Lo sguardo di D’Alatri sugli anni della formazione di Gesù
Sceneggiato dal regista D’Alatri insieme allo scrittore ebreo Miro Silvera, facendo tesoro anche delle indicazioni del priore della Comunità di Bose Enzo Bianchi, il film I giardini dell’Eden ha la peculiarità di voler approfondire gli anni della formazione di Gesù, gli anni “bui” su cui non si ha documentazione chiara da parte dei Vangeli; l’opera di D’Alatri tratteggia l’ambiente culturale in cui presumibilmente Gesù è vissuto, è cresciuto. Il film presenta, infatti, la storia del giovane Jeoshua (Kim Rossi Stuart) nel passaggio dall’adolescenza, dal momento del Bar Mitzvah, all’età adulta, sino all’episodio dell’arresto di Giovanni Battista e all’incontro con i primi discepoli. I giardini dell’Eden viene presentato alla 55a Mostra Internazionale d’Arte Cinematografica di Venezia, dove non è però pienamente compreso dalla critica. «Il povero Gesù di D’Alatri lo hanno sforacchiato, senza pensarci su due volte. Il quarantenne regista romano, ai loro occhi, aveva commesso un gravissimo errore. Non aveva cercato di scandalizzare con la sua opera. Non aveva seguito l’insegnamento del parente nobile Scorsese, o dei parenti poveri Ciprì e Maresco. Il Cristo di D’Alatri è troppo corretto. In questo film sin troppo serio non c’è nessuna tensione autoriale, nessun rimando o riferimento pasoliniano. I giardini dell’Eden è un film che cerca di coniugare la serietà della riflessione spirituale, ancorata al cristianesimo, con la semplicità della divulgazione del linguaggio cinematografico.
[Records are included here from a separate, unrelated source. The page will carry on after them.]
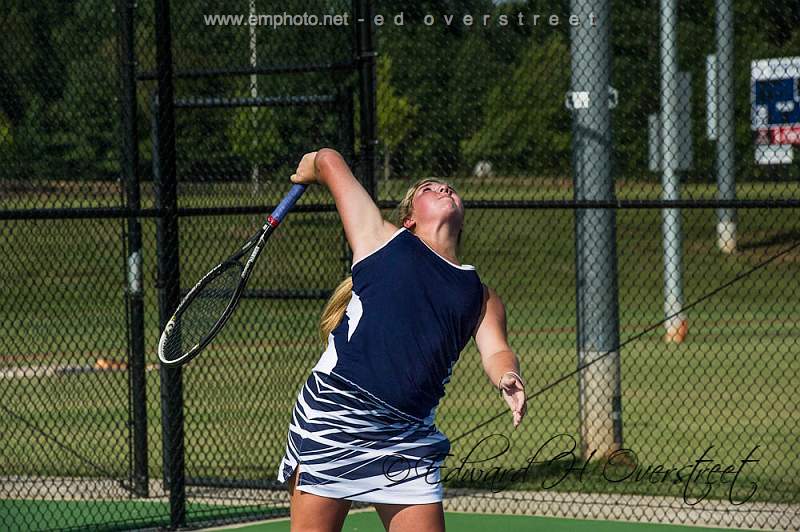 Tennis vs SHS 251.jpg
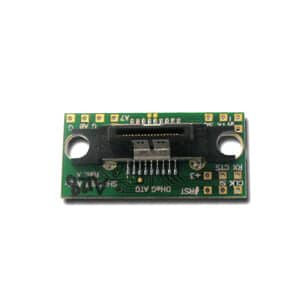 External Expansion Board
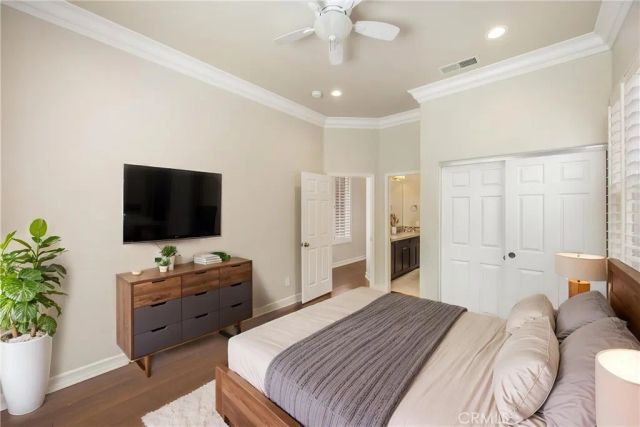 4412 Signature Dr, Corona, CA 92883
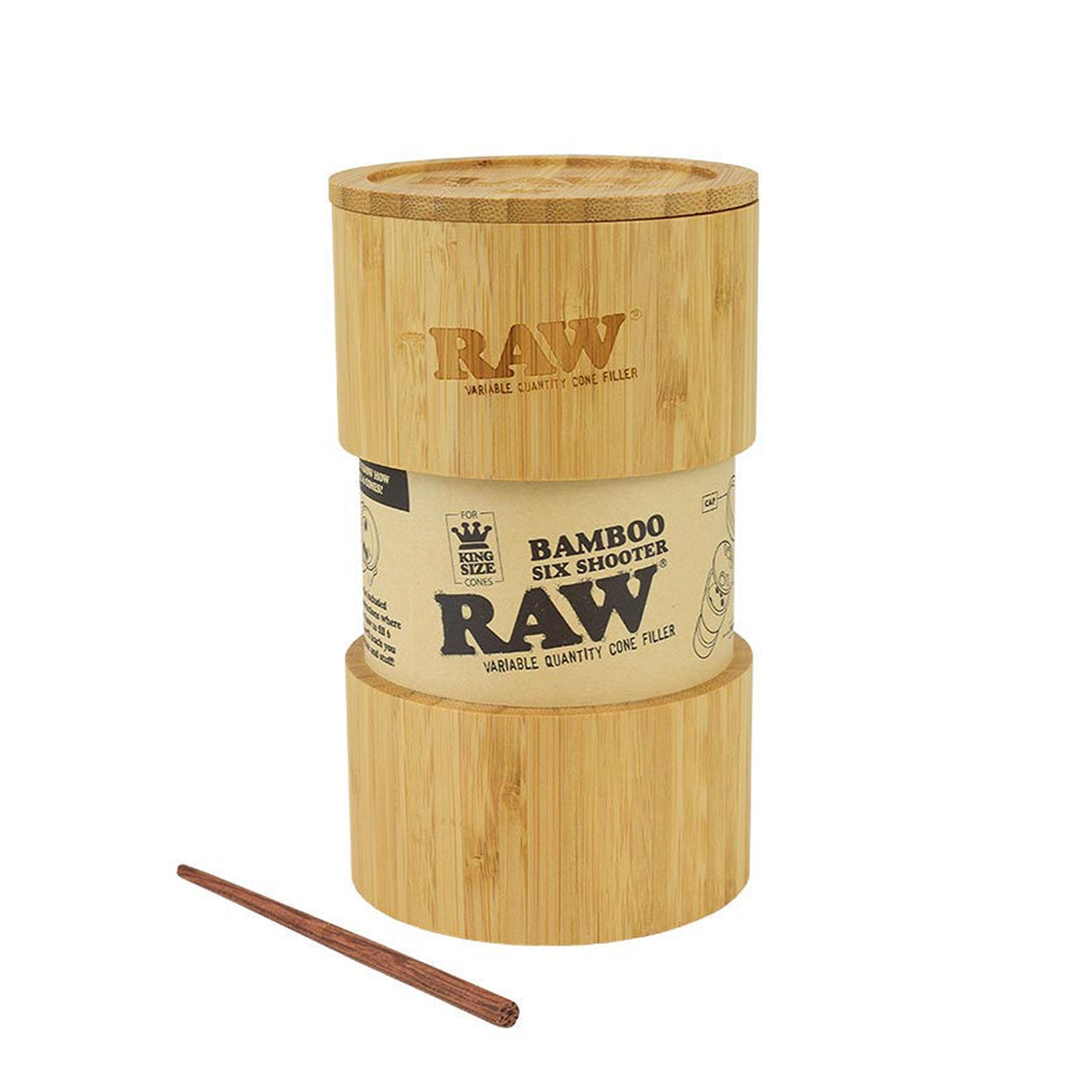 Weed Smoking Accessories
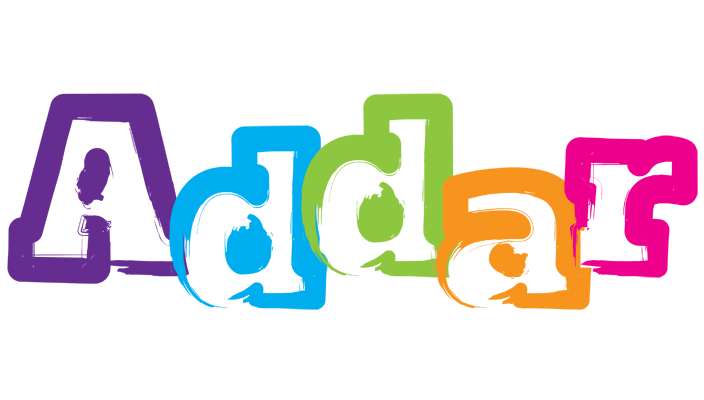 Addar casino logo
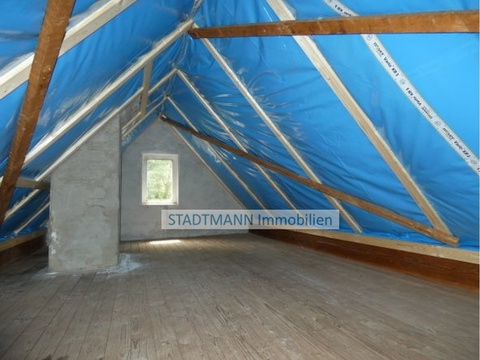 Bild...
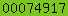 counter on blogger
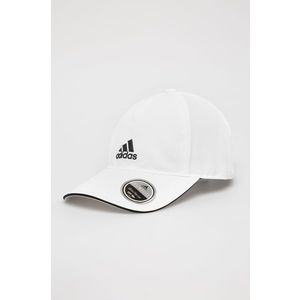adidas Performance - Sapka kép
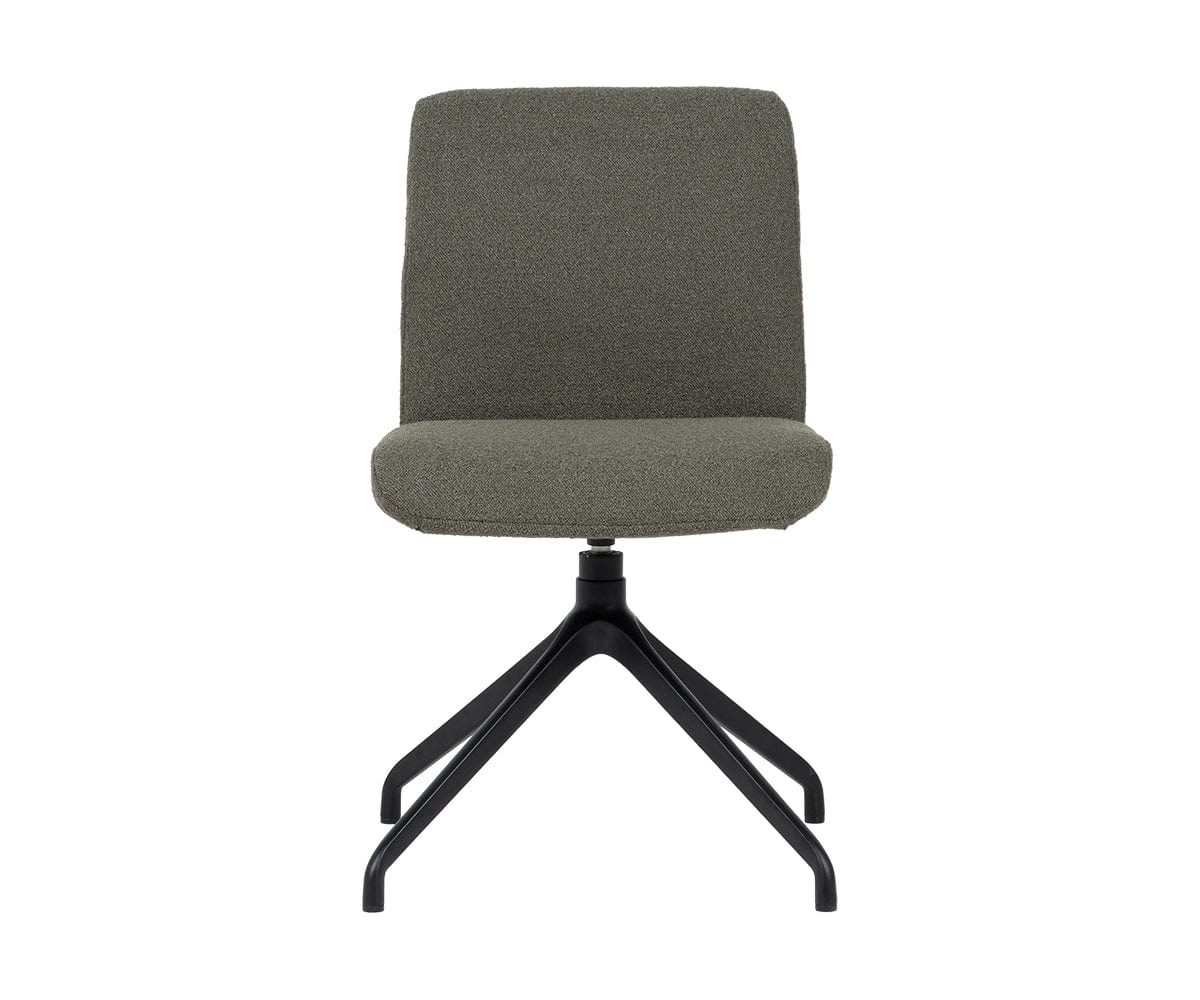 Elyse 8000 Dining Chair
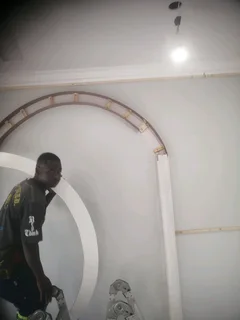 Property Maintenance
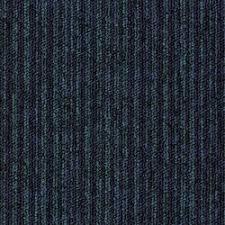 SALE 60枚1円スタート ES8852 ヨーロッパシェアNo1ブランド(タイル 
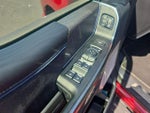 2025 F-350 Super Duty Thumbnail 11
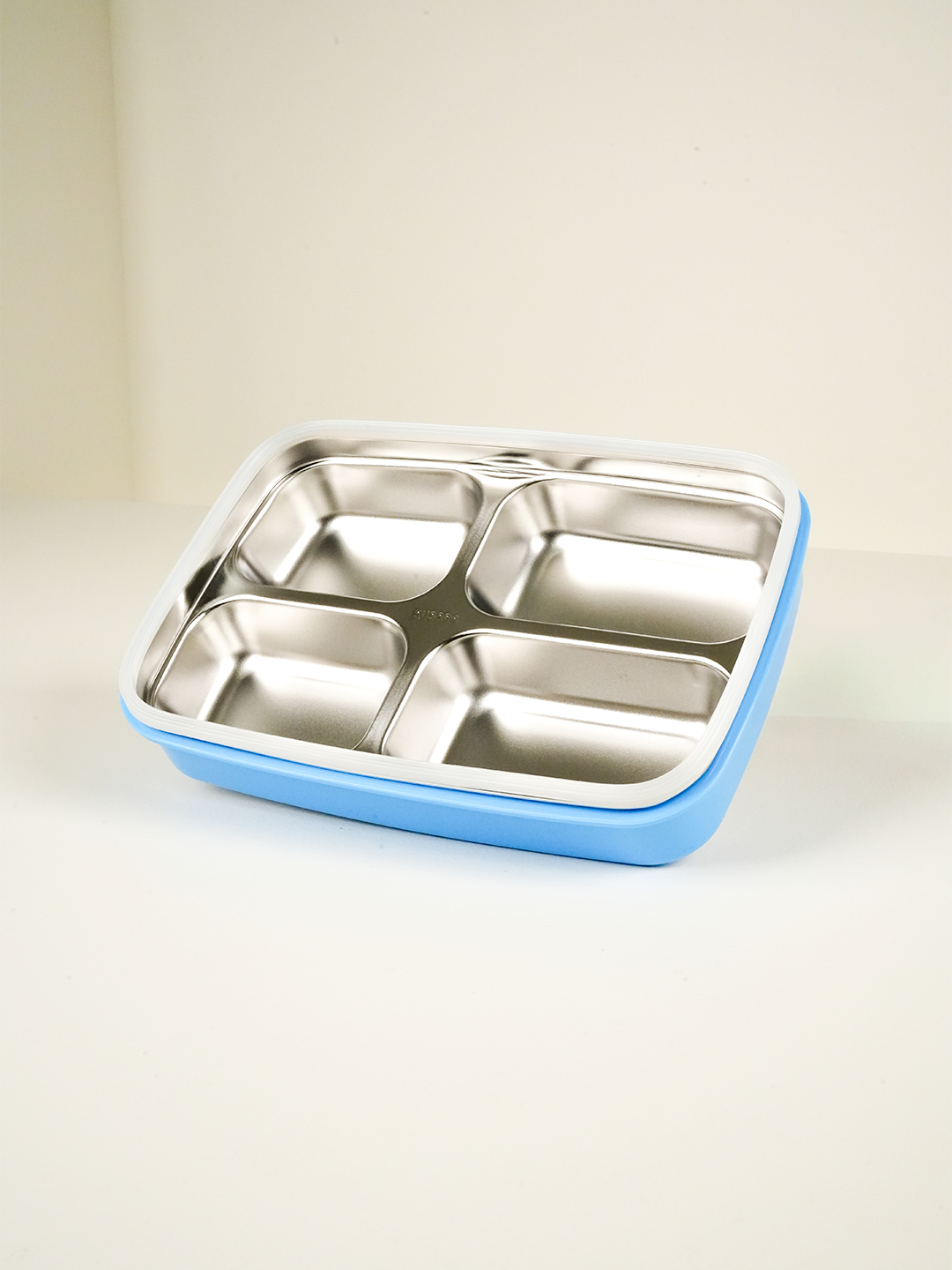 MTM Lunch Box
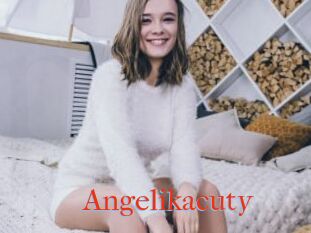 Angelikacuty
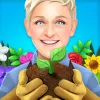 Ellen's Garden Restoration app icon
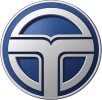techno vector logo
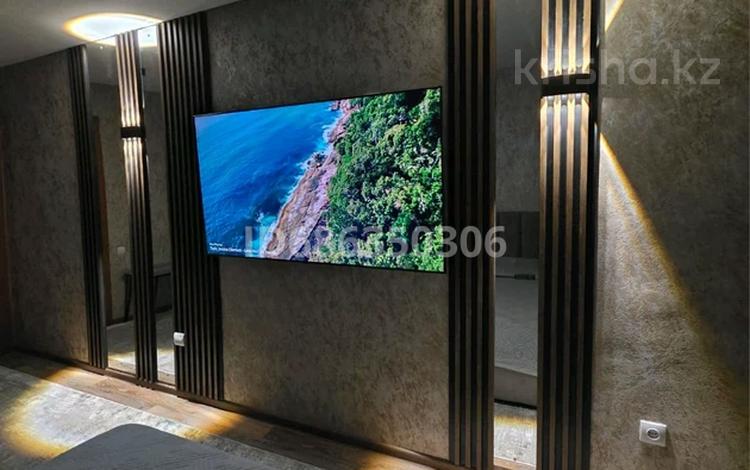 1-бөлмелі пәтер · 34 м² · 3/5 қабат, Астана — Дворец спорта, бағасы: 2 000 ₸ в Усть-Каменогорске — фото 8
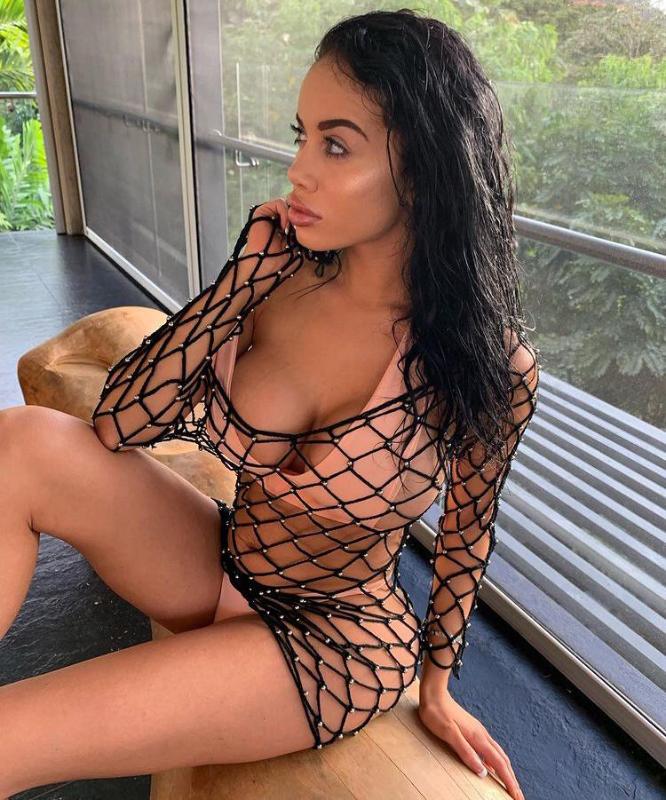 ✨SAFE💕 💯LEGIT✨💞SKILLED🍆😛💙EXOTIC💦� Text me on my number (828) 307-3846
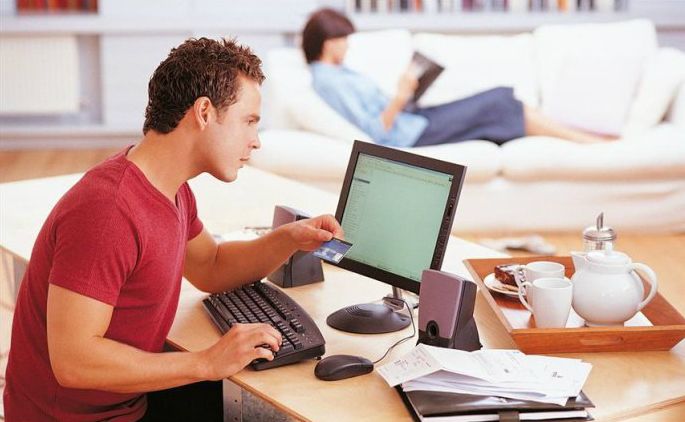 脖子咔咔响是骨头发出的吗,脖子咔咔响是颈椎骨质增生吗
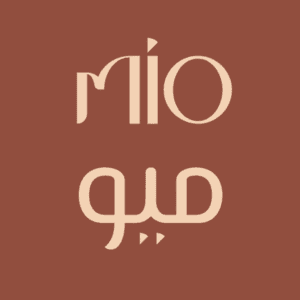 Mio Pizzeria logo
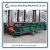 Import Factory Directly Sell Spindleless Log Debarker Wood Debarking Machine from China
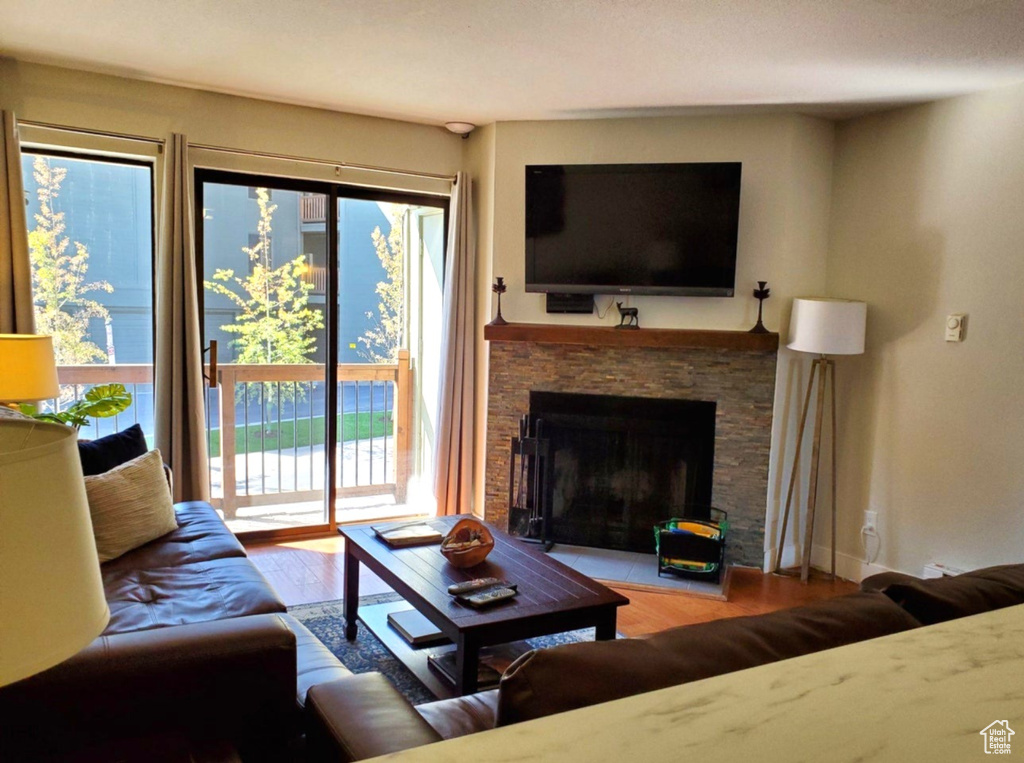 1530 EMPIRE AVE #200 Park City, UT 84060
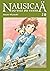 Nausicaä do Vale do Vento, Vol. 2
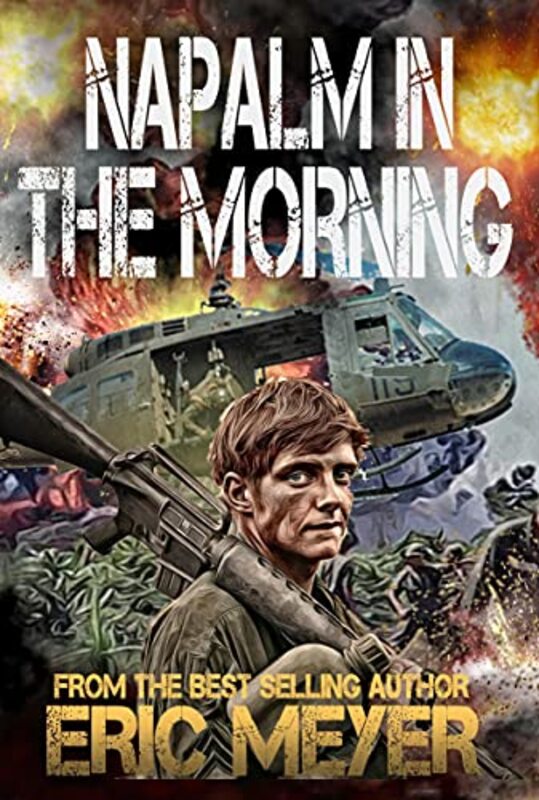 Eric Meyer book cover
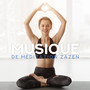 Musique de Méditation Zazen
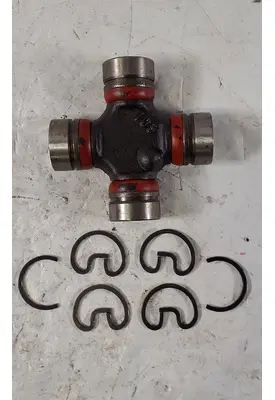 Neapco  Drive Shaft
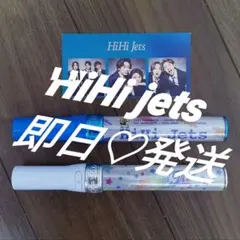 Item thumbnail for item 7385dbc7-426f-473b-aba3-cffe8bb6e56f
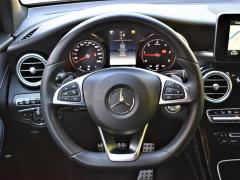 https://www.autoroyal.es/media/com_expautospro/images/big/turismos_todo_terrenos_y_furgonetas_mercedes_glc_5f0c2fe05f985.JPG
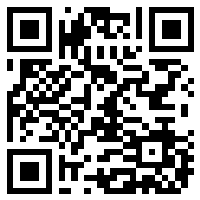 QR Code for 3PsCPDvZw4gZPoShuZbVbURdd9ffL1i5um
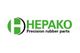 HEPAKO GmbH
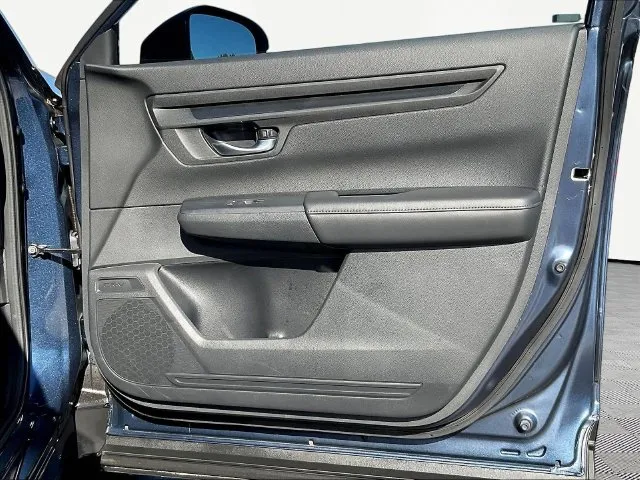 Honda CR-V photo 28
Se invece fosse stato un film dove sincreticamente si cercava di mescolare Cristo con Buddha, o con i mille idoli della New Age dilagante, allora sarebbe andato bene e le lodi si sarebbero sprecate» (Il Gesù di D’Alatri, inRivista del Cinematografo, n. 10, ottobre 1998, pp. 10-11). 
 
La valutazione 
La scheda della Commissione Nazionale Valutazione Film, redatta nel 1998, riporta la seguente valutazione pastorale: «il film racconta una verità essenziale per la fede cristiana: l’umanità di Gesù, che non è affatto scontata. Il regista D’Alatri racconta un Gesù che, accanto al padre e alla madre, impara a pregare, apprende la storia del suo popolo, forma a poco a poco le proprie capacità di giudizio sulle vicende alle quali partecipa. Portando sullo schermo un periodo non raccontato dai Vangeli, D’Alatri cerca di capire che cosa è successo negli anni della formazione di Gesù, quelli nei quali anche per lui c’è stata la fatica del discernimento. Avviandosi verso l’età adulta, Gesù è un uomo, per il quale la vita non è una sorta di libretto delle istruzioni da realizzare ma una faticosa raccolta di frammenti che alla fine sfoceranno nella scelta della predicazione alle genti. È la verità della coscienza umana Gesù che il regista ha incontrato e da cui è rimasto affascinato. Va ricordato che il film non si ispira ad alcun testo biblico, è una sceneggiatura originale che D’Alatri ha scritto con la collaborazione dello scrittore Miro Silvera e che parte dalla comprensione personale del mistero del Dio incarnato all’interno di un pregevole lavoro di ricostruzione del contesto storico-culturale. Una voglia sincera di ricostruire un’immagine di Gesù non diversa o stravolta ma in grado di parlare all’uomo distratto e spesso confuso di fine Millennio. Per tutti questo motivi il film, di taglio problematico, è da valutare come raccomandabile e da consigliare per dibattiti» (Segnalazioni cinematografiche, 1998, n. 126, pp. 117-119).